Alot of traffic has been crossing the “Living Bridge” between the Greater MetroWest community in New Jersey and Israel this summer, and more than ever, it has been two-way.
Hundreds of local participants took part in a range of programs in various Israeli communities partnered with the Jewish Federation of Greater MetroWest, from young adults exploring Israel’s economic potential in the Negev to teens combining tourism with visits to Israeli nonprofits (see page 13).
Meanwhile, more Israelis than ever came to Greater MetroWest.
The numbers have been boosted by the merger last summer of the MetroWest and Central New Jersey federations, and, according to Amir Shacham, the executive shaliah with the GMW Legow Family Israel Program Center, the community’s growing stature.
“I want to be modest, but we are now one of the leading North American communities in running Israel programs, and possibly the leading one in the South, in the Negev,” said Shacham. “We have been able to leverage our connections, and more and more people want to partner with us. And the connection is working in both directions, with real reciprocity.”
Reciprocity has become pivotal in the relationship, turning what used to be a one-way dynamic — with Americans aiding Israelis — into a matter of mutual benefit. That has been the goal of Partnership2Gether, the Jewish Agency for Israel’s program linking North American and Israeli communities in a series of twinning activities and ongoing relationships.
To sustain those relationships, the federation this year will host the largest corps of Israeli shlihim — emissaries who come to educate local people about all facets of Israeli life — in North America. The eight shlihim arrived earlier this month (see related story).

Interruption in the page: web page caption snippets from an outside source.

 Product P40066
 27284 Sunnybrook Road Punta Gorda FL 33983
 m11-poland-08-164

Greater MetroWest arranged for 150 young people to go on Birthright, the wildly popular program that offers free Israel trips to college students and recent graduates. But it also sponsored exchange programs that brought Israelis here. One such program, Hoops Connection, has over the past few years sent youngsters to Israel to coach basketball together with Israeli counterparts. This year for the first time, the program started in New Jersey, with two Israelis coming here to work alongside four local teens, before they all returned to coach kids in the development town of Ofakim, joined by two more Israelis.

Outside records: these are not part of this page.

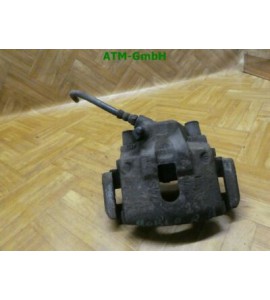 Bremssattel Fiat Doblo vorne rechts Beifahrerseite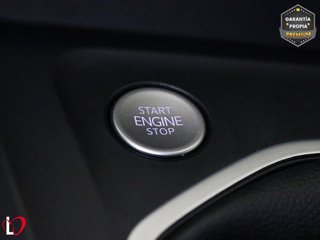 Volkswagen Golf Life 2.0 TDI 85kW (115CV)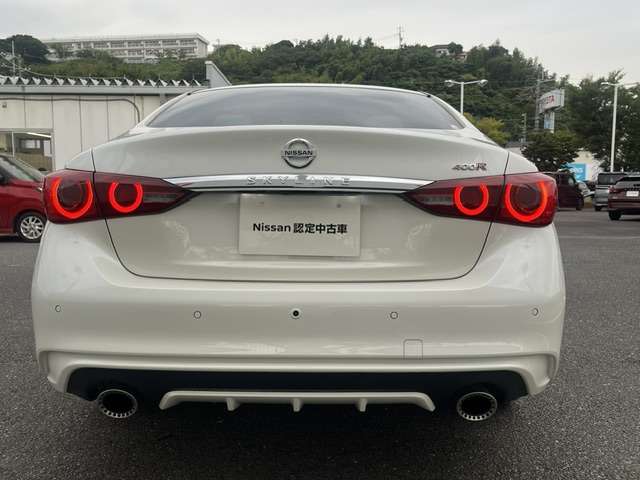 複数画像32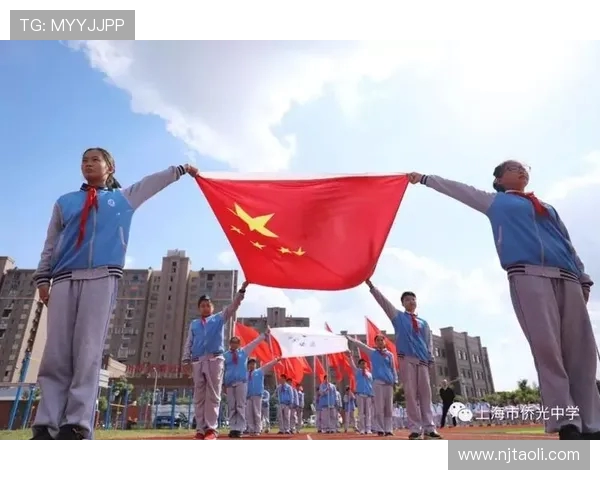 九台农商银行奋力拼搏迎战对手 打造区域金融新高地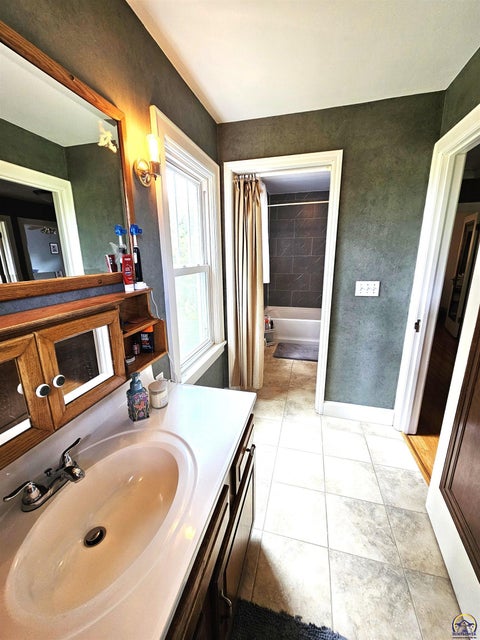Tiny photo for 1468 State Hwy 71, Bern, KS 66408 (MLS # 245346)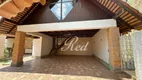 Foto 21 de Casa com 3 Quartos à venda, 672m² em Jardim Realce, Suzano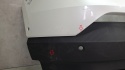 Zderzak tył tylny Volvo EX30 EX-30 24-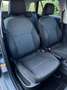 Skoda Fabia Kombi Cool Plus 1.0TSI 95PS/SHZ/1.HAND Gris - thumbnail 28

And while American volunteers are familiar with goodwill missions to Israel, this year featured an opportunity for Israelis to lend a hand in the United States. The Bonim Beyachad (Building Together) program brought 10 Israelis from Ofakim, Merchavim, Arad, and Erez to New Jersey’s Union Beach, where alongside 10 American volunteers they helped rebuild a house on the Sandy-ravaged Raritan Bay.
While funding remains a challenge in the current economy, Shacham said that Greater MetroWest has been able to fulfill its obligations to its various partner communities. The federation works with the Jewish Agency for Israel and has benefitted from increased collaboration with the Israeli government, which has made a priority of fostering Diaspora relations.
Two new partnerships are taking shape, he said. One is with the World Zionist Organization, which will be working with community youth shliha Rozi Ben Ami, helping expand her role with additional funding and program material.
The other is IsraelExperts, an educational tour operator.
“What pleases me particularly is that so many people want to take part in our programs,” Shacham said. “But we want more.”